Workflows can vary, but here is a very simple workflow for contributing a bug fix:
$ git clone [email protected]:myfork/pouchdb.git
$ git remote add pouchdb https://github.com/pouchdb/pouchdb.git
$ git checkout -b 121-issue-keyword master
# Write tests + code
$ git add src/afile.js
$ git commit -m "(#121) - A brief description of what I changed"
$ git push origin 121-issue-keyword
The source for the website http://pouchdb.com is stored inside the docs
directory of the PouchDB repository, you can make changes and submit pull requests as with any other patch. To build and view the website locally you will need to install jekyll then:
$ npm run build-site
You should now find the documentation at http://127.0.0.1:4000
Writing a blog post for PouchDB is exactly the same process as other contributions, the blog posts are kept @ https://github.com/pouchdb/pouchdb/tree/master/docs/_posts, just build the site as documented above, its usually easiest to copy an existing post and write away.

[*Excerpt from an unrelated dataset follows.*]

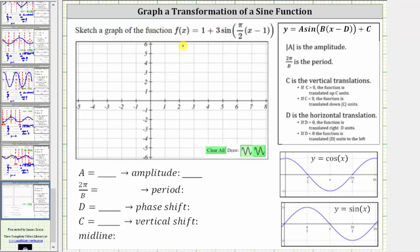Sketch a graph of the function f of x equals one plus three sine of pi divided by two times the quantity x minus one. Let's begin by determining the values of a, b, d, and c, which will indicate the transformation of the given function.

If you want to be sure the blog post is relevant, open an issue on what you want to write about to hear back from reviewers.
With great power comes great responsibility yada yada yada:
- Code is peer reviewed, you should (almost) never push your own code.
- Please don't accidentally force push to master.
- Cherry Pick / Rebase commits, don't use the big green button.
- Ensure reviewed code follows the above contribution guidelines, if it doesn't feel free to amend and make note.
- Please try to watch when Pull Requests are made and review and / or commit them in a timely manner.
- After you merge in a patch use tin to update the version accordingly. Run
tin -v x.x.x-prerelease
with x.x.x being the previous version upgraded appropriately via semver. When we are ready to publish to npm we can remove the-prerelease
. - Thanks, you are all awesome human beings.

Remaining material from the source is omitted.